I have a list of one-dimensional arrays with different lengths and I wish to calculate the mean along the different arrays. Thus this "tolerant" mean contains different numbers of samples in each variable.
To do this I made a new (n,m) array (with n the number of one-dimensional arrays and m the maximal array length) by concatenating the one-dimensional arrays to zeros such that they have the same length. Then I used numpy ma array to mask the zeros from the mean calculation.
Defining the numpy ma array seems to be fine, but when I run np.mean and np.std the program crashes (kernel dies in Jupyter notebook). I suspect this is related with memory issues because the array is large (1964035, 2574).
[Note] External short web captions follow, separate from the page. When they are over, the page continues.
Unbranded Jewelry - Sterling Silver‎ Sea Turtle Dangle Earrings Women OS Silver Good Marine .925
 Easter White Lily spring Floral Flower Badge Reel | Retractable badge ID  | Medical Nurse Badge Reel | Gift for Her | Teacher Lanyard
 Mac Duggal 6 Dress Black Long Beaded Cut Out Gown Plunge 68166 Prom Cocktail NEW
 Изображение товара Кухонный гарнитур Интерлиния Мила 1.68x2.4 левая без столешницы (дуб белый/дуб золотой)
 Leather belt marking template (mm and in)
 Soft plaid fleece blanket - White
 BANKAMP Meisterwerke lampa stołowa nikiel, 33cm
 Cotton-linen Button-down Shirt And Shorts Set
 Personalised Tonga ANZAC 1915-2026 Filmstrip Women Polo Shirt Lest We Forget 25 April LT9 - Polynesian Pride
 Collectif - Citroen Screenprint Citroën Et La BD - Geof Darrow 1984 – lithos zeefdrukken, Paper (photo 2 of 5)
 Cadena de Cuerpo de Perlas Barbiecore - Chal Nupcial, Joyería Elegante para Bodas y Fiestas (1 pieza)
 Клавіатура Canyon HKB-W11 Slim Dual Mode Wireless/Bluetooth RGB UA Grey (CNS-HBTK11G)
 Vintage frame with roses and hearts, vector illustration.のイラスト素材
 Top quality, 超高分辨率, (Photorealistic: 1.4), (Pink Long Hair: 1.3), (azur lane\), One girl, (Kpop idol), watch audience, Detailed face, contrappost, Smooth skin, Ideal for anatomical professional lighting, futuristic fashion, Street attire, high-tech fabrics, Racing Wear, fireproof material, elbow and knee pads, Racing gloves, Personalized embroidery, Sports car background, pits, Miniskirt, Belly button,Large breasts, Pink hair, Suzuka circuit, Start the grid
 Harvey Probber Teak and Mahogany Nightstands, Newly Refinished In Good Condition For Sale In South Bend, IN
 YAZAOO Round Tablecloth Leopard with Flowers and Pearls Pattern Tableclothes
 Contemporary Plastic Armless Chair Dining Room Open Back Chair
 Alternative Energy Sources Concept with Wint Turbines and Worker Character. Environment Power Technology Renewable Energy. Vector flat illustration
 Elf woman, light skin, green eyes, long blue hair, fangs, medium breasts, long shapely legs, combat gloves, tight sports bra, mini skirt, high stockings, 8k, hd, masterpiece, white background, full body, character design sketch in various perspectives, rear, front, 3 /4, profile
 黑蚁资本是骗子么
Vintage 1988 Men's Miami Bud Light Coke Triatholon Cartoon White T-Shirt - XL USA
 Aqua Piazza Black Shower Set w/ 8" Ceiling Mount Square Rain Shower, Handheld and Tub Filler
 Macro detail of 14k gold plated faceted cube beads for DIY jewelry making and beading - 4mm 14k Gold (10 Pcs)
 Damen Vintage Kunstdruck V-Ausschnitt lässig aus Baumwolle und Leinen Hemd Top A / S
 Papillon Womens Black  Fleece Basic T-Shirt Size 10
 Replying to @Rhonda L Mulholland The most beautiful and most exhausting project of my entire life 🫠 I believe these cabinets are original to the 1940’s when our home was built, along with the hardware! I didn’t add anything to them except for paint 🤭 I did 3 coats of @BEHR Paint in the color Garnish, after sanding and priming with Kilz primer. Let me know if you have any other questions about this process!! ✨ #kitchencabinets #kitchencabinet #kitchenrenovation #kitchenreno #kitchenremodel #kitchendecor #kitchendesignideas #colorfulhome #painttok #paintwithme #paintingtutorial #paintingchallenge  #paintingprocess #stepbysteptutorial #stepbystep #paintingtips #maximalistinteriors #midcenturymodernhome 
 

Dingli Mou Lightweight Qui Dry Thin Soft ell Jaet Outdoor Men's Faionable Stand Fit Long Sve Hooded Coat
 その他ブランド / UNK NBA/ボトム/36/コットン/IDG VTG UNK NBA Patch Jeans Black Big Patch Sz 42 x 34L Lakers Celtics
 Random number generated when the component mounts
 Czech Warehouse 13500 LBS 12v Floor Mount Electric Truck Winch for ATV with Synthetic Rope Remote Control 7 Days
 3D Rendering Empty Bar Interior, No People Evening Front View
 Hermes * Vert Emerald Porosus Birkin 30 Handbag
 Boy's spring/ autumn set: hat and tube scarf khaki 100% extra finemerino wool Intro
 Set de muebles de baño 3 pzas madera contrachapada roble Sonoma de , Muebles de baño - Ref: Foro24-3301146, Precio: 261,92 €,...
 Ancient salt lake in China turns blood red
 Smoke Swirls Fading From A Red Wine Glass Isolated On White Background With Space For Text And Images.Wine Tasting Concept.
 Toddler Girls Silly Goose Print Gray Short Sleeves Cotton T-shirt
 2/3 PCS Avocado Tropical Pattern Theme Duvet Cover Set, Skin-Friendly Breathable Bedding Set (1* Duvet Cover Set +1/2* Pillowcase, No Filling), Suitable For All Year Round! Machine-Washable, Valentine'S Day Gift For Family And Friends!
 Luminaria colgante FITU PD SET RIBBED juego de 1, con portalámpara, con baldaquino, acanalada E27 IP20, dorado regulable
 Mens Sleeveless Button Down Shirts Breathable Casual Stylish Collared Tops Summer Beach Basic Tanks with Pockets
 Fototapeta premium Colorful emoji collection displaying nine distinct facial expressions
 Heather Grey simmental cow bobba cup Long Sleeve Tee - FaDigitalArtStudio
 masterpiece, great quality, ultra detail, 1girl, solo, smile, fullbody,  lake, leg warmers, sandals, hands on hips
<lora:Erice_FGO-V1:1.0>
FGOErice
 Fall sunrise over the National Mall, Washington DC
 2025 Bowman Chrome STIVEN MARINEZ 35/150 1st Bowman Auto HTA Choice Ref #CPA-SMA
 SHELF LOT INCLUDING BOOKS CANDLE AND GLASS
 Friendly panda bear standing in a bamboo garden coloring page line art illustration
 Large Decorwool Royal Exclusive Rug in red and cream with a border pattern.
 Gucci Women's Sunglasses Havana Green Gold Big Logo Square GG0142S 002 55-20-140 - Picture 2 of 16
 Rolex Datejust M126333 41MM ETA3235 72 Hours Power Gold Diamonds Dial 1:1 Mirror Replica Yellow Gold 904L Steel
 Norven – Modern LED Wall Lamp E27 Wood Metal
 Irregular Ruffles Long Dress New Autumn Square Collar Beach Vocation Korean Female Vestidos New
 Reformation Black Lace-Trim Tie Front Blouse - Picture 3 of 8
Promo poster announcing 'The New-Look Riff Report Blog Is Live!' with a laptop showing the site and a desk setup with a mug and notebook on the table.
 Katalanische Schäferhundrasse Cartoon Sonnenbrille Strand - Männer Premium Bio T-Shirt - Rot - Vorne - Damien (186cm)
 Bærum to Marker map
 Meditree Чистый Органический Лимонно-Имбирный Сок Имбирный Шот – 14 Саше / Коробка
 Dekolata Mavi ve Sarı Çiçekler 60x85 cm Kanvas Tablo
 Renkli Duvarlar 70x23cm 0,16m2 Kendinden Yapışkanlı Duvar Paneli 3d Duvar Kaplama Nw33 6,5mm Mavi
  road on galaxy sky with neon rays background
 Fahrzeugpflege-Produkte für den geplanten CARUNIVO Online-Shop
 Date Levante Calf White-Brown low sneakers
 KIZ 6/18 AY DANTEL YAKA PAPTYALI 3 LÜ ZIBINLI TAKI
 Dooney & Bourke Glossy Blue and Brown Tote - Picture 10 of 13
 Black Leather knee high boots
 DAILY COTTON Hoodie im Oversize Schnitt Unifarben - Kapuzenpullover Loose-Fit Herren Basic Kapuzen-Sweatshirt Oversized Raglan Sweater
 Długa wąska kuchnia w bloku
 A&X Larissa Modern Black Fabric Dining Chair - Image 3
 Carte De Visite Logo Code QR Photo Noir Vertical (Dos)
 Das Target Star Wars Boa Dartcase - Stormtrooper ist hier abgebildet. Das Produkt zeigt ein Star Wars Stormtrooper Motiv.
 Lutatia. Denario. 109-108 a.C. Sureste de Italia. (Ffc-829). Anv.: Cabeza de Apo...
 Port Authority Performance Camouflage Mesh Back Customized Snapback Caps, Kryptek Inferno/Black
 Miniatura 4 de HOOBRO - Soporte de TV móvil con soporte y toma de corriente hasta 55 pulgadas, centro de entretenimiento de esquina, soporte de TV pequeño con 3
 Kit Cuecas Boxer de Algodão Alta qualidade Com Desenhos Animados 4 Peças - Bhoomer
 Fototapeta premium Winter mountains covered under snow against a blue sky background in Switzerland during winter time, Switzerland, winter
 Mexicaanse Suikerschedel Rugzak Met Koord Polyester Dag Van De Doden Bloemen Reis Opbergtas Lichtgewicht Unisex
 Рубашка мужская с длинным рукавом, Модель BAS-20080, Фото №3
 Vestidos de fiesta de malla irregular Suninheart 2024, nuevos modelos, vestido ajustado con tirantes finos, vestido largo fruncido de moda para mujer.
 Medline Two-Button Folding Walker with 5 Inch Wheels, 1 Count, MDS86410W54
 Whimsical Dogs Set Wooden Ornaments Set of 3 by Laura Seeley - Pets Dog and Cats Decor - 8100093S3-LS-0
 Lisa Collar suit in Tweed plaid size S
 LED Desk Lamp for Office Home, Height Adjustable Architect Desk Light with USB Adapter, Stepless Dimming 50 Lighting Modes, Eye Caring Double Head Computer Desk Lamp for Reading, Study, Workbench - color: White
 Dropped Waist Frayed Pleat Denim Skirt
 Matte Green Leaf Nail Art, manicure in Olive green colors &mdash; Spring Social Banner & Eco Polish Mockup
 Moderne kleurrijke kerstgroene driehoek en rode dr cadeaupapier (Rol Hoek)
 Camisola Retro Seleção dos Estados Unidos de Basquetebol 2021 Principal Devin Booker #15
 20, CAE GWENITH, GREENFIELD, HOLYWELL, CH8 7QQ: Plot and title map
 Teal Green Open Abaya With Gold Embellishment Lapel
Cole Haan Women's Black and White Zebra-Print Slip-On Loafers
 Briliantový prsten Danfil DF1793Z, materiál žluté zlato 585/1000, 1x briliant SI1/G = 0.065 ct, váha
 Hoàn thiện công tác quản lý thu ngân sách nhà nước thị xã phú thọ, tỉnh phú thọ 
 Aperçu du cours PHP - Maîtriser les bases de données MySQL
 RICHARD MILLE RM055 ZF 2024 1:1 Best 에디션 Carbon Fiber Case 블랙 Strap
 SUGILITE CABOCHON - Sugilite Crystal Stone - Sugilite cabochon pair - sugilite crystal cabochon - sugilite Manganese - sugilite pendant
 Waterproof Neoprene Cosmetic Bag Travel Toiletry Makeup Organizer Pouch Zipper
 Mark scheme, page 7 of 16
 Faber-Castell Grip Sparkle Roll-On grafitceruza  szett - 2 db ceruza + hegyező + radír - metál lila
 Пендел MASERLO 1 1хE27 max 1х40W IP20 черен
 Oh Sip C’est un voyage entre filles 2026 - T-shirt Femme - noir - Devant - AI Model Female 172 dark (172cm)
But I was surprised to see np.mean crashing although no crash happens when defining the array.
Here is my code to define the masked array
import numpy as np
myArrays = [np.random.randn(np.random.randint(2000)) for i in range(1000000)] # only for this example
maxLen = max([myArray.shape[0] for myArray in myArrays])
myMasked = np.ma.array([np.concatenate([myArray, np.zeros(maxLen-myArray.shape[0])]) \
for myArray in myArrays] , \
mask=[np.concatenate([[False for i in range(myArray.shape[0])], \
[True for i in range(maxLen-myArray.shape[0])]]) \
for myArray in myArrays])
Then running np.mean makes the program crash
myMean = np.mean(myMasked, axis=0)